Containerization and Multitenancy
Containers serve two distinct purposes in a CaaS environment:
Portability: A container built on a developer’s laptop runs identically in production. The runtime contract is the container image — everything inside the container is hermetic with respect to the host OS. This eliminates the entire class of “works on my machine” problems.
Isolation: Containers provide resource isolation using Linux kernel primitives (cgroups for resource limits, namespaces for process and network isolation). This allows many containers to share a physical machine without interfering with each other’s CPU, memory, or filesystem.
Together, these properties make multitenancy practical. A single physical machine can run dozens of containers belonging to different services, different teams, and even different priority levels — all managed safely by the scheduler.
Without CaaS:
Team A --> Machine A (partly idle)
Team B --> Machine B (partly idle)
Team C --> Machine C (partly idle)
Total utilization: ~20-30%
With CaaS + Multitenancy:
Team A, Team B, Team C --> Shared Fleet
Scheduler packs all workloads
Total utilization: ~60-80%
Writing Software for Managed Compute
Moving to a managed compute environment is not just an operational change — it changes what software should look like. The scheduler can kill any instance of your service at any time (to reclaim resources, to reschedule after a machine failure, or to rebalance the fleet). Software must be designed to survive this.
Architecting for Failure
The foundational design principle for managed compute is: assume your process will die at any time and design accordingly.
This means:
- Avoid in-process state that cannot be reconstructed: If your process is killed mid-operation, any state held only in memory is lost. Design for this loss to be tolerable — either the state is reproducible from durable storage, or the operation is idempotent so it can safely be retried.
- Make shutdown clean and fast: The scheduler sends a SIGTERM before killing a process, giving it a brief window (configurable, typically 30-90 seconds) to finish in-flight requests and close connections cleanly. Software that does not handle SIGTERM loses requests. Design graceful shutdown from the start.
- Embrace statelessness at the instance level: Prefer designs where any instance can handle any request. Sticky sessions (where a specific client must always reach a specific server instance) create coupling between the client and a specific process lifetime — coupling that the scheduler cannot honor across rescheduling events.
- Design for horizontal scaling: If your service can only run as a single instance, it becomes a single point of failure. The scheduler cannot help. Design services so that running more replicas improves both capacity and availability.

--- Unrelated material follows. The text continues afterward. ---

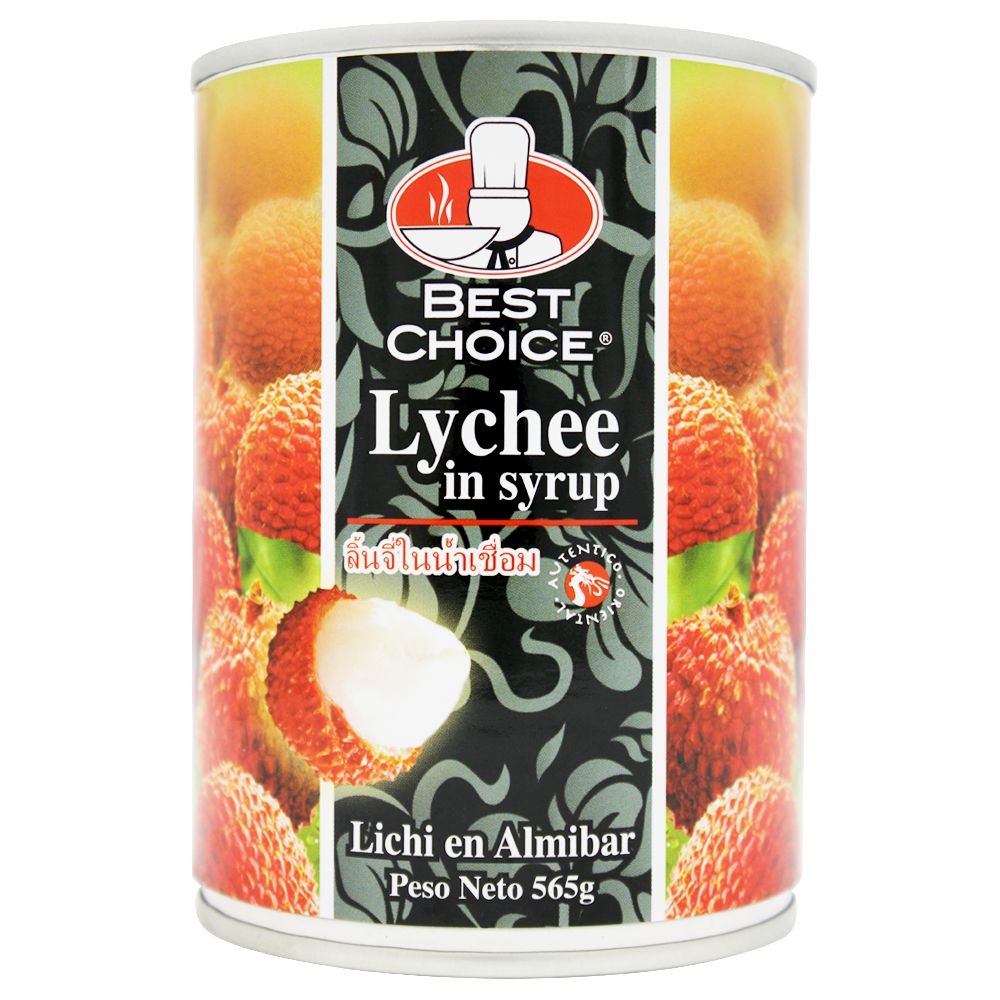 Best Choice Lychee en Almíbar 565 g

Anti-pattern — Instance Affinity: Designing a service so that a specific user’s requests must reach a specific server instance (e.g., because their session state is stored in that instance’s memory). This couples correctness to process identity. When the process is rescheduled, that user’s session is lost. The solution is to externalize session state to a distributed cache or database.
Batch vs. Serving: The Fundamental Distinction
Understanding whether a workload is a serving job or a batch job is essential to designing it correctly for managed compute.
| Dimension | Serving | Batch |
|---|---|---|
| Duration | Runs indefinitely | Runs to completion |
| Traffic model | Responds to incoming requests | Processes a defined input set |
| Primary concern | Latency, availability | Throughput, efficiency |
| Preemption tolerance | Low — losing an instance affects live users | High — work can be checkpointed and retried |
| Scaling trigger | Incoming request volume | Amount of work to process |
| Resource pricing | Steady-state reservation | Often lower-priority / spot resources |
Batch job design implications:
- Jobs should be checkpointable: if preempted mid-execution, the job should restart from the last checkpoint rather than from the beginning. Without checkpointing, long-running batch jobs become impractical on preemptible resources.
- Jobs should be idempotent: running a job twice (due to retry after failure) should produce the same result as running it once. Non-idempotent batch jobs that produce side effects (e.g., charging a credit card, sending an email) are dangerous in retry scenarios.
- Fan-out patterns: Large batch workloads can often be decomposed into many small independent tasks that run in parallel, completing faster and recovering from partial failures more cheaply.
Serving job design implications:
- Health checks are mandatory: The scheduler needs to know whether a serving instance is ready to receive traffic and whether it is alive. Serving software must implement health-check endpoints that the scheduler polls. An instance that does not respond to health checks is removed from the load-balancer pool.
- Graceful degradation: When a downstream dependency is unavailable, a serving job should degrade gracefully (returning partial results, cached data, or controlled errors) rather than failing completely. A service that hard-fails on every dependency outage is brittle at scale.
- Replica count management: Serving jobs need enough replicas to handle peak traffic with headroom for instance failures. Too few replicas mean any instance failure reduces capacity noticeably.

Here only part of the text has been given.